NVIDIA’s generalist AI tech plays Minecraft, wins conference award


NVIDIA’s generalist AI agent has won itself an award for playing Minecraft, well, performing actions from written prompts, at the recent NeurIPS conference.

The AI agent won the Outstanding Datasets and Benchmarks Paper Award at the 2022 NeurIPS (Neural Information Processing Systems) conference, with NVIDIA researchers pumping a huge 730,000 videos of Minecraft from YouTube into training the MineDojo framework to play Minecraft.


We’re talking over 2.2 billion words transcribed, 7000 stacked webpages from the Minecraft wiki, a huge 360,000 posts on Reddit, and 6.6 million comments on Reddit that described Minecraft gameplay to the AI agent crafted by NVIDIA researchers. The data allowed NVIDIA researchers to create a custom transformer model it calls MineCLIP, which uses video clips with specific in-game Minecraft activities.

Using this, someone can tell a MineDojo agent to do whatever they want in Minecraft using high-level natural language. This includes things like “find a desert pyramid” or something like “build a nether portal and enter it”. After those commands are given, MineDogo will perform the instructions in a series of steps, inside of Minecraft. Very cool.

NVIDIA's generalist AI tech plays Minecraft, wins conference award 04

An award-winning paper titled “MINEDOJO: Building Open-Ended Embodied Agents with Internet-Scale Knowledge” was released in June 2022, with authors including Linxi Fan of NVIDIA and Guanzhi Wang, Yunfan Jiang, Ajay Mandlekar, Yuncong Yang, Haoyi Zhu, Andrew Tang, De-An Huang, Yuke Zhu, and Anima Anandkumar of various academic institutions.

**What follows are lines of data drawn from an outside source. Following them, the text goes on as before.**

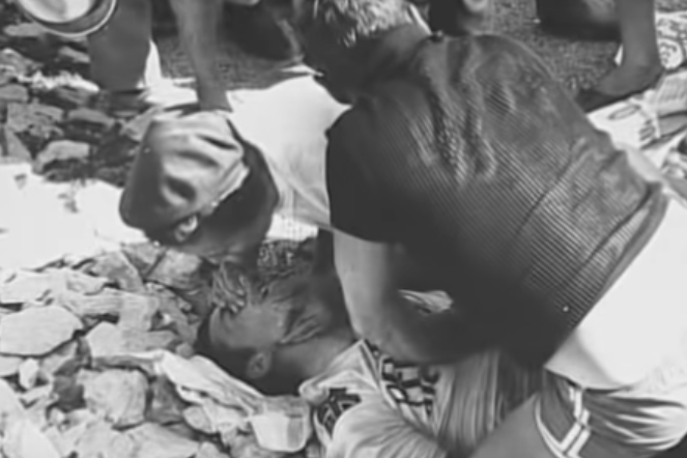 Tom Simpson oživljanje | Tom Simpson je leta 1967 umrl med Dirko po Franciji.  | Foto zajem zaslona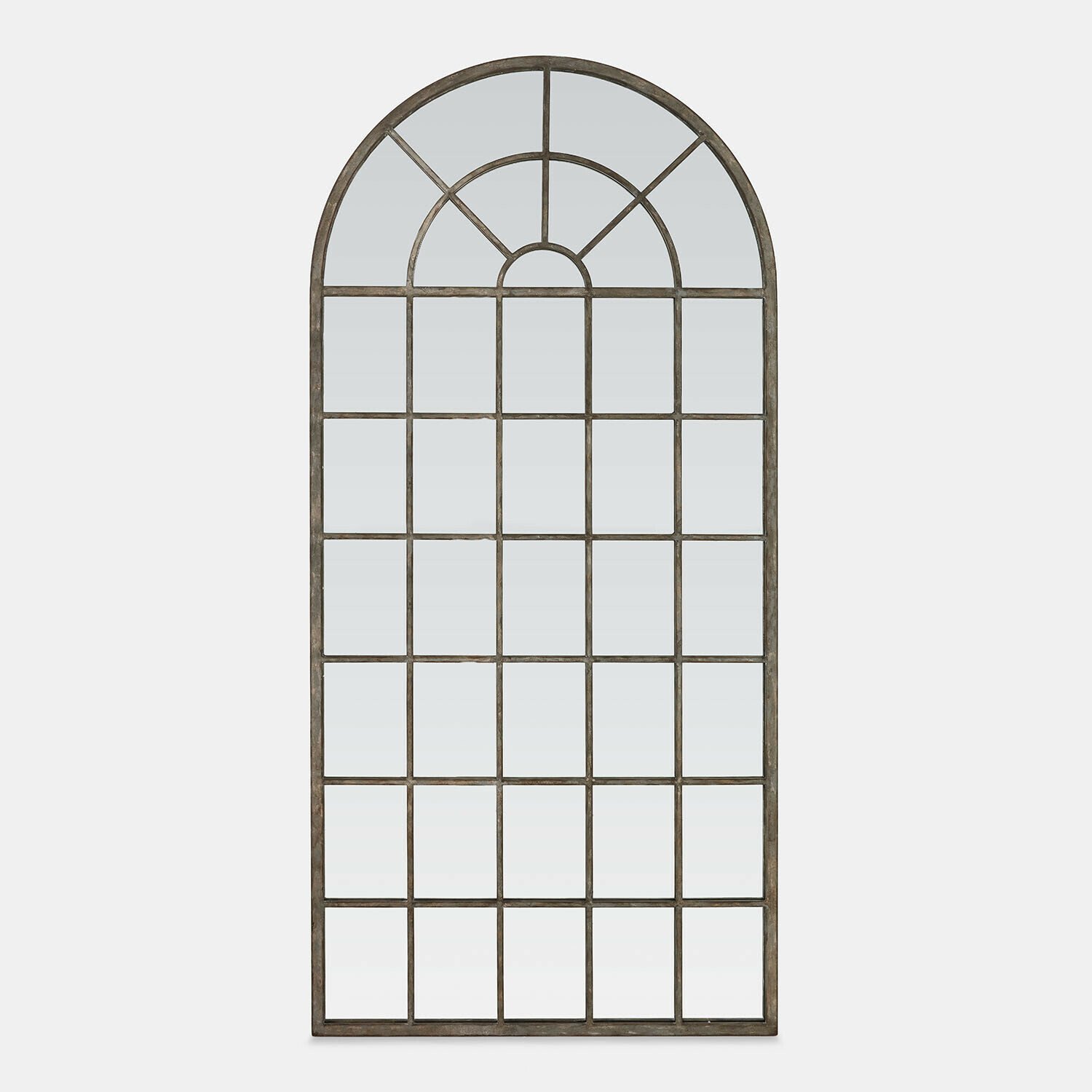 Spiegel Parielle Großer Wandspiegel mit metallischem Rahmen in patiniertem Braun und bogenförmigem Design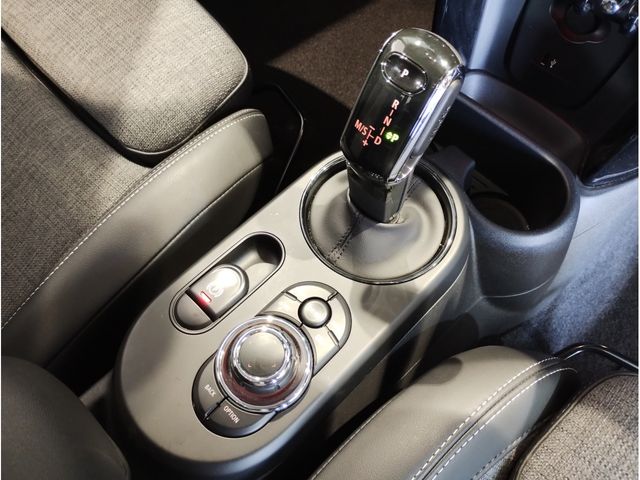 BMW MINI COOPER D 5DOOR 2021 Image 31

NVIDIA explains: “While researchers have long trained autonomous AI agents in video-game environments such as StarCraft, Dota, and Go, these agents are usually specialists in only a few tasks. So NVIDIA researchers turned to Minecraft, the world’s most popular game, to develop a scalable training framework for a generalist agent-one that can successfully execute a wide variety of open-ended tasks”.